LVT, the virtual world and a missed opportunity?
We regularly get told that land is no longer important in the world of the virtual economy, and that companies such as Apple and Google would get away with paying next to nothing.
Yet people are still living in real houses, consuming real food and real energy, wearing real clothes, driving real cars, travelling in real trains and aircraft, purchasing real electronic goods made in real factories using raw materials grown on the real surface of the planet or dug out of real holes in the ground. How does virtualisation change any of that?
There is another angle to this, too. I have been involved with land value tax campaign organisations for over forty years and am in contact with others, in particular in the USA. Apple has been around for most of that time; Google has been big for at least fifteen years.
The land value tax movement is not mainstream as it was in the years up to 1939, but it is not unknown, yet no organisation within the movement has ever been approached by these or any other technology companies.
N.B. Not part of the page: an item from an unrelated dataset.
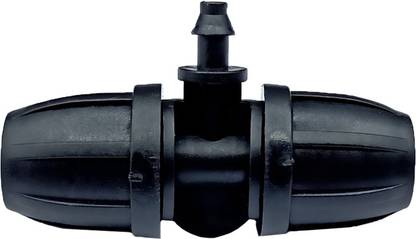 DIY Crafts Automatic Watering Lock Nut Hose Tee Joint Hose Connector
If it was to the advantage of Apple, Google, etc, they would have a vested interest in promoting what we are doing. Why, then, have they never come forward with offers of assistance?
It is also the case that there are some pretty smart people within the land value tax movement who would themselves have realised that, if LVT was so good for companies which operate in cyberspace, they would want to support our work; they would surely have tapped them for funds, which would certainly have been forthcoming. Have we all missed a trick?